Closed sonots closed 11 years ago
String#encode
does nothing with same encoding for 1st and 2nd argument (even if :invalid
option specified).
You should write code like below:
text.encode('UTF-8', 'UTF-16BE', :invalid => ...).encode('UTF-16BE', 'UTF-8')
And, no tests here (we cannot find what you fix).
@tagomoris Hi, I added test codes, and it is working! You can verify it with my test codes.
My ruby version is 1.9.3p286
You should add this asserts under assert_nothing_raised
:
emits = d.emits
assert_equal 1, emits.length
assert_equal invalid_utf8, emits[0][2]['message']
This code will success, and invalid utf8 bytes are reserved in field 'message', instead of '?' (what we expected).
@tagomoris done!
FYI, I tested following code.
https://gist.github.com/repeatedly/4961986
And I asked Ruby committer about this problem. He said "This is a bug. Probably, Ruby 2.0 or new 1.9 patch level will fix this problem. So latter case will throw an Exception". You can't use String#encode with same encoding for normalization.
@repeatedly :+1:
Thanks for your information, and then, i cannot merge this request.
Understand. So, now, how should we do? I actually have another branch which replaces the invalid utf8 character with ? here https://github.com/sonots/fluent-plugin-parser/commit/bf5f643ced2b165abcae82be8b68ee7b1e87b3c3 Do you like this?
Or, do you like we do the replacing just before Regexp#match with dup, so that we can remain the invalid byte codes for following fluentd nodes? Let me clarify. Then, I will write another patch and send a pull request.
In popular systems, you know, almost all of input strings are valid utf-8, and very small number of data has invalid utf-8 bytes.
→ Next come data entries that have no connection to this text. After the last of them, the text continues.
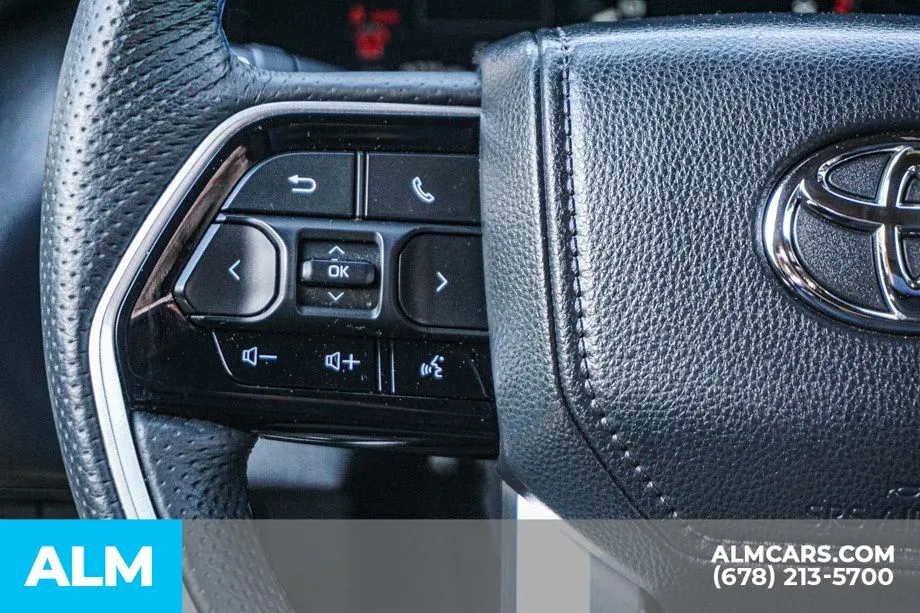 2025 Toyota Sequoia Platinum - Photo 31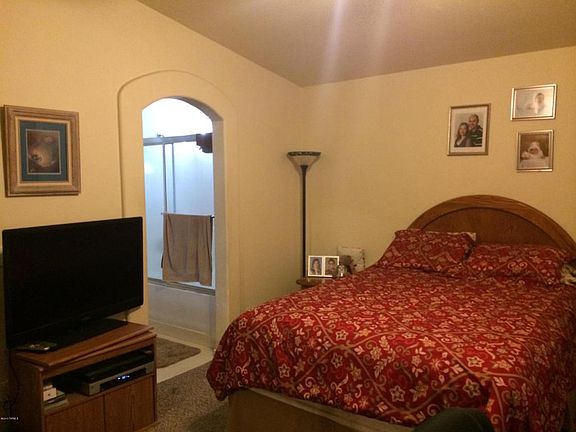 4th image of 8025 N Siskiyou Dr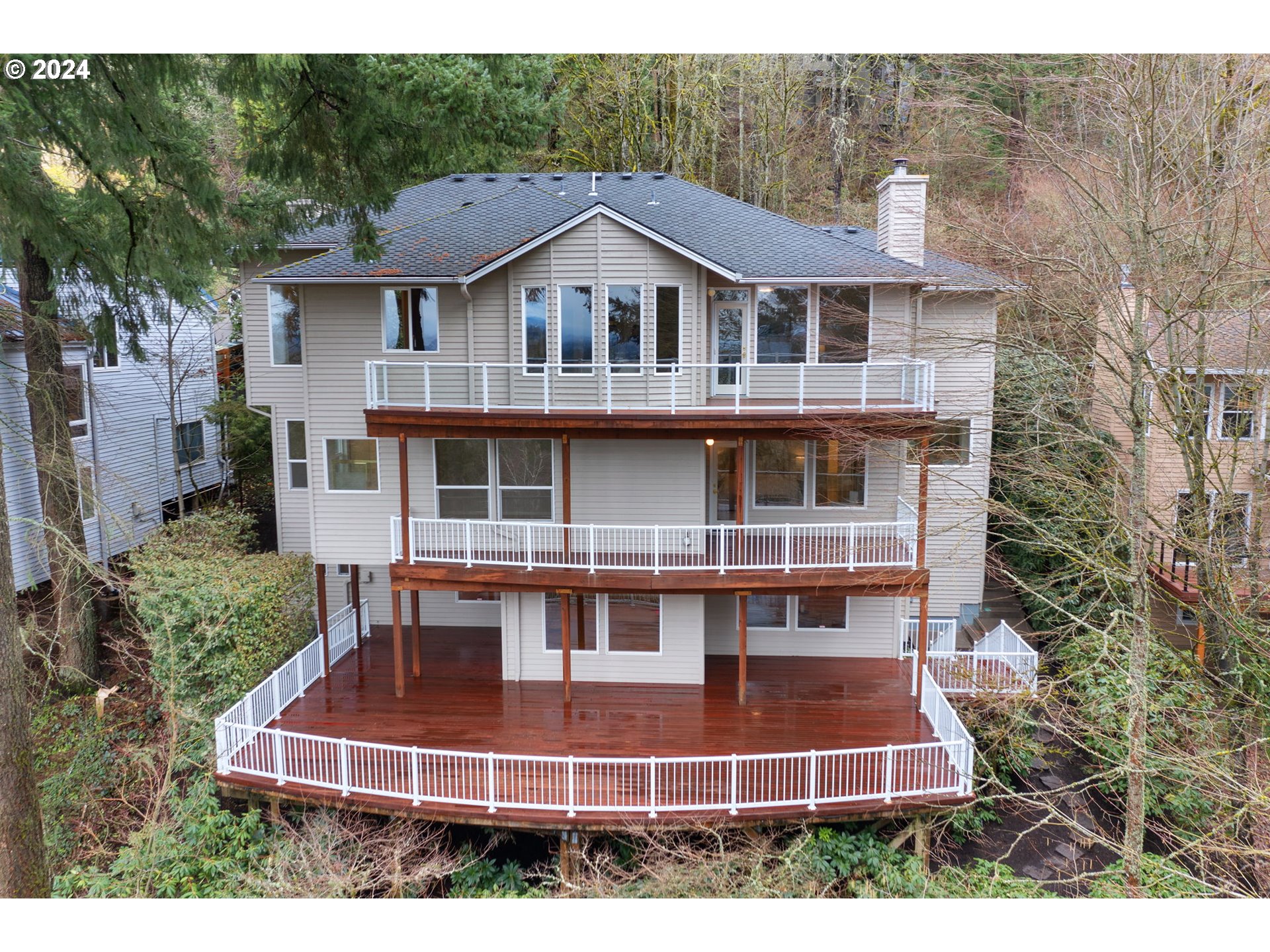 255 SW ALDERIDGE DR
For these cases, we should write patch like this:
t, value = nil, nil
if value
begin
t, value = @parser.parse(value)
rescue SomeError
encodings = value.encoding
replaced_value = value.encode(some_different_encoding, encodings, replace_options).encode(encodings)
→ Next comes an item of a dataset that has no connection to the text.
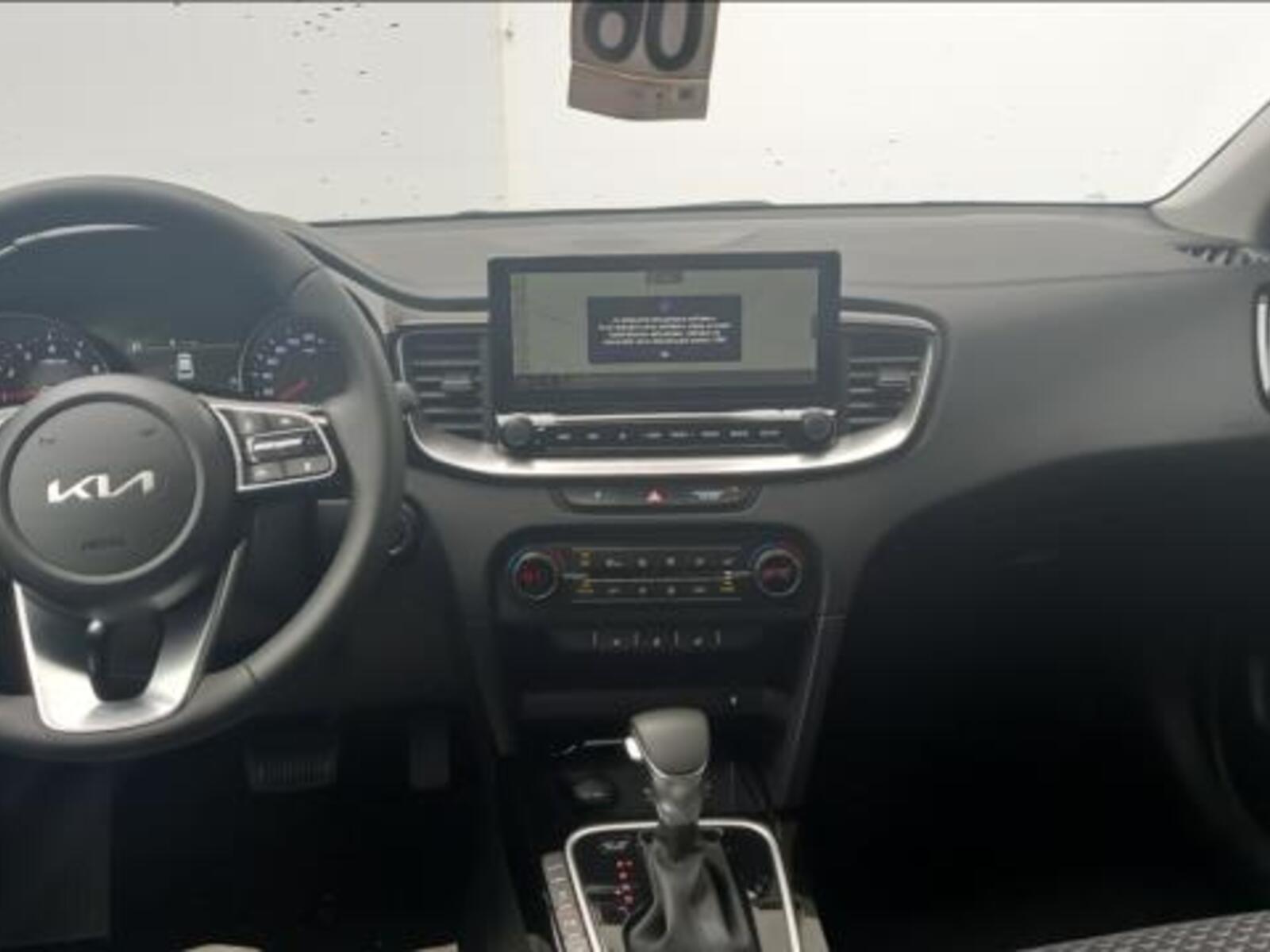 KIA XCeed 13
t, value = @parser.parse(replaced_value)
end
end
You should consider about non-utf-8 byes and original data reservation for reserve_data option.
I'm waiting for another pullreq!
@tagomoris I sent another pull request #3. Could you check it out?
Hi, @tamogoris -san.
I met with an error when fluent-plugin-parser received kinds of malformed unicode character.
One of our applications outputted an error log like
malformed or illegal unicode character in string [? 遥《K], cannot convert to JSON
, so, right, we can not convert the character to JSON.This patch is the simplest way to fix the error. What do you think?